For instance, more aggressive asset allocations might have the potential to deliver higher average returns or higher average yields, and thereby support longer retirement periods (longevity risk); however, their higher risk and volatility also significantly increases the danger of depleting assets early (sequencing risk).

Investments that are appropriate for achieving lifestyle goals have been categorised into three groups – growth, risk control and yield. These have been further divided based on the types of assets/products that may be suitable to consider in executing on lifestyle objectives.

Growth strategies

These include assets that are expected to generate growth over the long term, primarily equities, which can be further broken down into domestic and global equities and the relevant sub-sector such as emerging markets and small caps. The primary purpose of these assets is to grow capital over the long term, which is a core element of a diversified retirement investment strategy.

Risk controlled strategies

These refer to investment approaches that aim to manage some of the risks which impact retiree portfolios such as downside risk, inflation risk and sequencing risk (this is the risk that large negative returns or withdrawals early on in retirement will affect the portfolio’s long term performance).
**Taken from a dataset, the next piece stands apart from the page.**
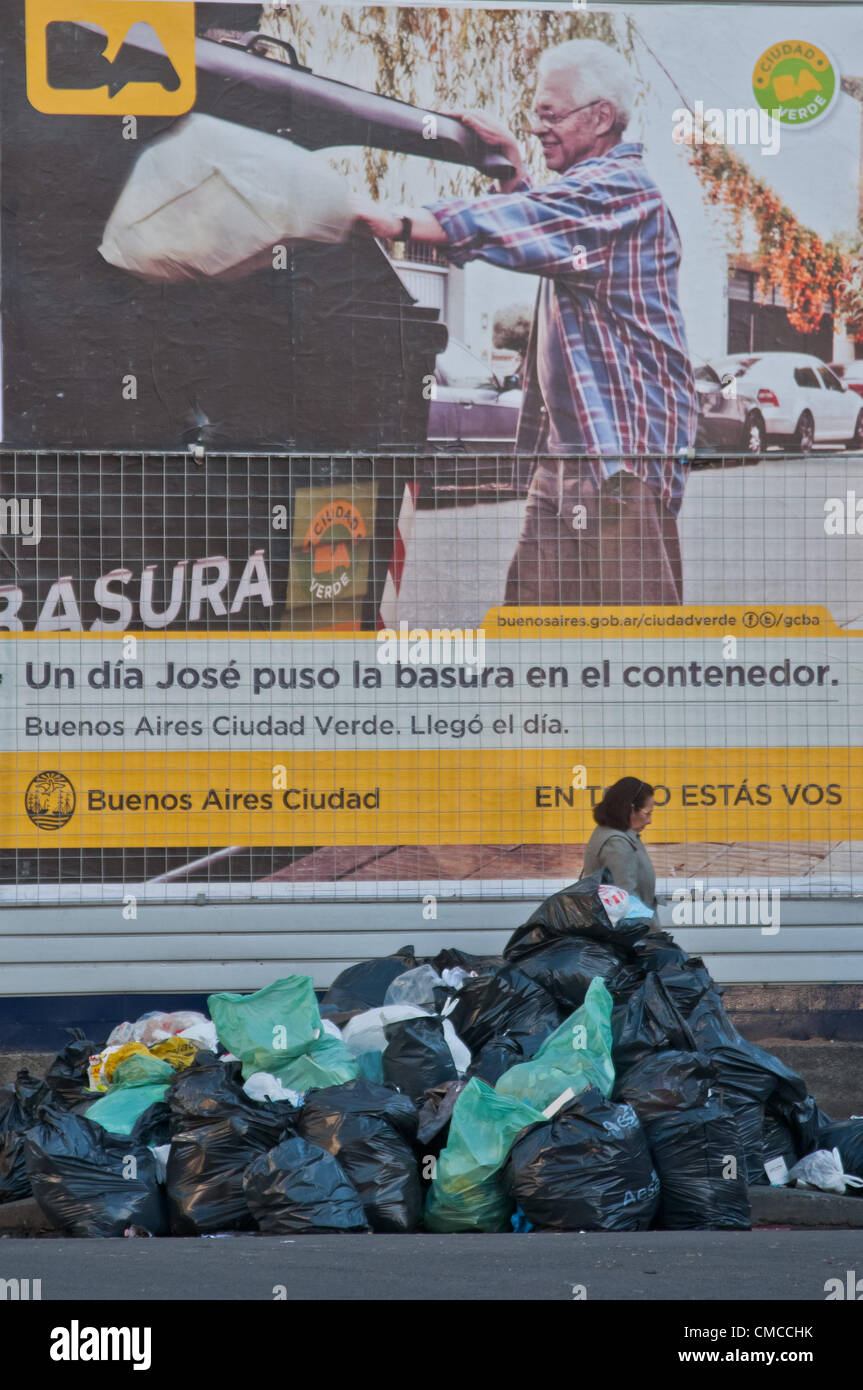 Luglio 17, 2012 - Buenos Aires, Buenos Aires, Argentina - una donna cammina davanti a un mucchio di rifiuti davanti a un poster che annuncia un nuovo garbage collection programma dal comune. Nel frattempo, uno sciopero da parte dei lavoratori del CEAMSE, la società che riceve ed elabora la spazzatura prodotta da Buenos Aires, ha lasciato la città senza la raccolta dei rifiuti per il secondo giorno. (Credito Immagine: © Patricio Murphy/ZUMAPRESS.com) Foto Stock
These strategies will generally look to achieve an absolute return target instead of a return relative to a market benchmark. Such strategies are particularly important for retirees, who in most cases require exposure to growth assets to meet their retirement objectives, but are also sensitive to market and sequencing risk, which can have a material impact on the longevity of investment portfolios.

Income yield strategies

These generally look to maximise yield, either by targeting investments that generate a relatively high level of yield or by adopting certain trading strategies to maximise yield. Assets that generate yield will span a wide range of investments, from equity strategies that look to generate a yield higher than that of the market, to fixed income products that generate a yield higher than the cash rate.

These products also span the risk spectrum in terms of capital volatility and other risks, such as sector risk, interest rate risk and so on. Understanding risk in a yield targeting strategy is critical. For example, many fixed income products that generate a high level of yield may be exposed to significant credit risk, while some high yielding equity funds are exposed to increased capital volatility.

Furthermore, particularly in the case of equity yield based strategies it is important to assess the sustainability of those yields, particularly in environments where yields are relatively high. In some cases, yield is generated at the expense of capital growth, hence balancing the two is important. Therefore, a retirement strategy solely comprising yield targeting strategies may be sub-optimal to achieve suitable client outcomes as clients will also need to grow their capital base to extend the life of their portfolio in retirement.